As I recall the Chickasaw Nation didn't have a census for their former slaves because they did not adopt them as citizens and felt no special need to document them. However, the Choctaw Nation did adopt their former slaves and their descendants and there are at least two census records that reflect this, the 1885 and the 1898-1900 Choctaw Freedman Censuses.

It appears in this case the 1898 Census was created from the information received during the Dawes Allotment period. I would imagine the Choctaw Nation did not have a full accounting on who was a citizen in their nation when it came to the freedmen until 1898?


  1. This is a GREAT project Terry! I would also love to know how many living descendants there are of the people on Bettie's List.
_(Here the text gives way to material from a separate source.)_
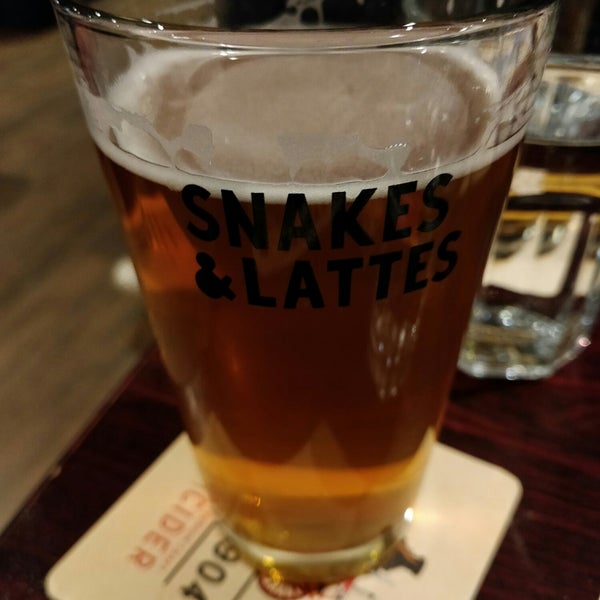 Photo taken at Snakes &amp; Lattes by Peter S. on 3/10/2018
My guess is that there are now tens of thousands of descendants of the people on Bettie's List.

    I delve into the Choctaw censuses pretty deeply in my article: Indian or Freedman?: Enrollment, Race, and Identity in the Choctaw Nation, 1896-1907, published in the Western Historical Quarterly, Vol. 42, No. 4 (WINTER 2011) (pp. 458-479). That article is available from any library that has the JSTOR database. Alternatively, if people want to email me, I will send them a .pdf version. Email: Jesse_Schreier@brown.edu. It's a pretty complicated article, but there's lots of good information in it if you dig into it.

  2. Hi Jesse, good to hear from you!!!

    First, I will be emailing you for a copy of that article so I can read your views. As you know these are some complex issues and it will take some research to provide answers or at least shed some much needed light on the subject.

    Jesse I also agree with the speculation that there could be tens of thousands of descendants for those on Bettie's List, most probably have no idea they have a connection.

    If a sizable number of the descendants could be located I firmly believe it could add more to the body of work concerning the history of Choctaw and Chickasaw freedmen. I always come across people who discover their family's history late in life and have artifacts that could be useful in illustrating and telling the story.

    Good to hear from you my friend, you can send that PDF to:

  3. Hi Terry,

    I applaud you on your research efforts.

    I have a question. What database program are you using to compile your information?

    I'm embarking on a project to track the Buffalo Soldiers who settled in New Mexico. I haven't decided on a database program. I do know that I hope for it to be cloud-based.
    Any tips?

    Peace & Blessings,
    "Guided by the Ancestors"

  4. Hi George,

    I appreciate the encouragement, I've been working on this database for years. I finally completed copying ALL of the Dawes cards for the Choctaw and Chickasaw Freedmen and their minor cards in addition to some pertinent by blood cards that are significant to this project. If I had known what I know now...????

    One thing I must say as I continue to create and construct the DB, with each addition to the list I become more enlightened by the complexity of the relationships among the freedmen and the so called by blood communities. In the end I'm convinced there are several individual studies that can emerge from the data. (And that's all I'm gonna say about that!)

    I'm like you in quandary on which program to use. I'm not very good with MS Access but clearly I need to learn it ASAP.

    Right now I'm working with a LOT of images that form the basis of the data which I won't bore you with here. Basically I'm gathering all the information I can on each individual or family and creating PDF files.

    In the beginning I utilized MS Excel to create a list (index) of individuals with pertinent info that could be linked to the PDF files I'm creating later.

    Quite frankly if you or anyone else have some ideas you would like to share I'm open for suggestion. We can discuss this online in one of the Facebook forums or email me privately.




  5. Thanks Terry,

    Recently, my FB account got hacked, but I'll get back to it.

    To the task at hand; I've started to use Google Drive. There, I can easily create docs, spreadsheets, and presentations. There's the collaboration capabilities, but I'm hesitant to use that at this point. Good search abilities, but does it make for a solid database? I'll bring this conversation to one of the FB forums.